#### [What needs to be done]
Copy exactly the lines of the records below, and only those lines, beginning with the line that contains "The solution is" and ending with the line that contains "Gerard 't Hooft, winner".

#### [Supplied data]
----------

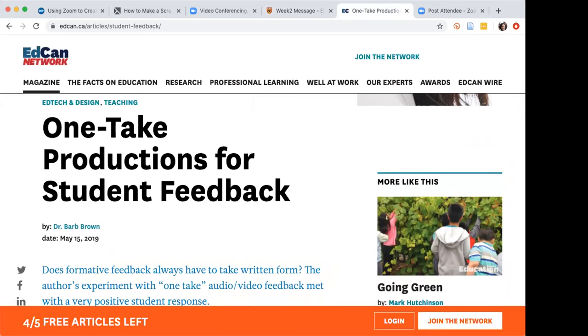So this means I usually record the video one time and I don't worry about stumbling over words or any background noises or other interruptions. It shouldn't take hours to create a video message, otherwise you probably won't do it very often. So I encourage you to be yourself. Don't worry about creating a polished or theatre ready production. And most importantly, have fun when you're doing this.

----------

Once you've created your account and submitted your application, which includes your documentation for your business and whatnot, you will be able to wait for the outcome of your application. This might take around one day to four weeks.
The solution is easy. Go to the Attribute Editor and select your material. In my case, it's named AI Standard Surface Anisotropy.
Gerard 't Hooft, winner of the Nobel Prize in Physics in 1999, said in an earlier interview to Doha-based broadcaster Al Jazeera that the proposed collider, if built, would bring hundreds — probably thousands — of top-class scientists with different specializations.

----------

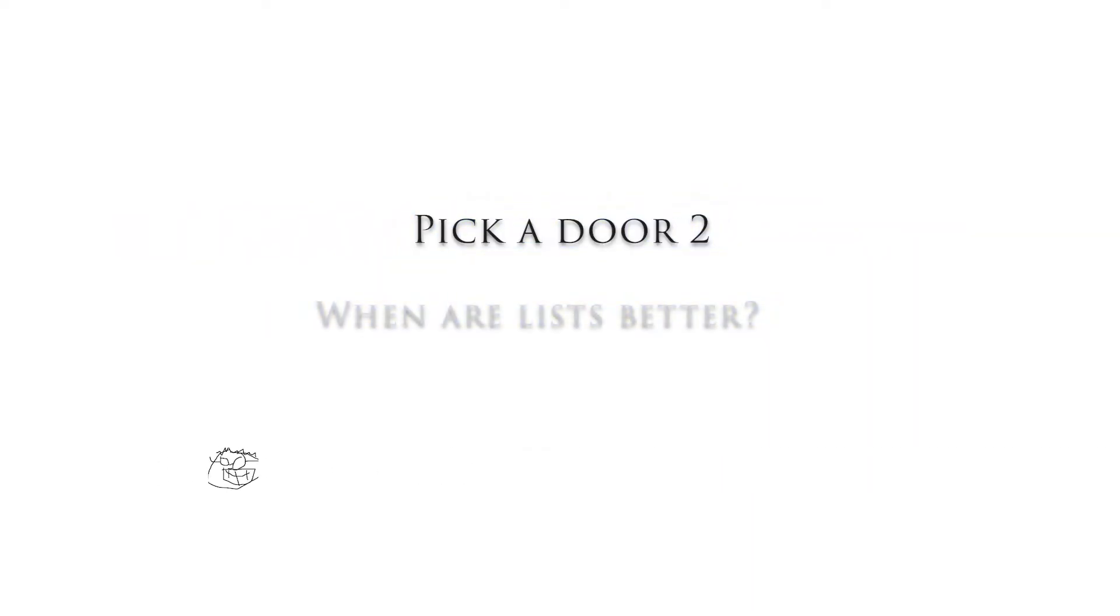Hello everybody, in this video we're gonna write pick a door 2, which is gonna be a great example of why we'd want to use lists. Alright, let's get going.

----------

#### [Exercise output]
The solution is easy. Go to the Attribute Editor and select your material. In my case, it's named AI Standard Surface Anisotropy.
Gerard 't Hooft, winner of the Nobel Prize in Physics in 1999, said in an earlier interview to Doha-based broadcaster Al Jazeera that the proposed collider, if built, would bring hundreds — probably thousands — of top-class scientists with different specializations.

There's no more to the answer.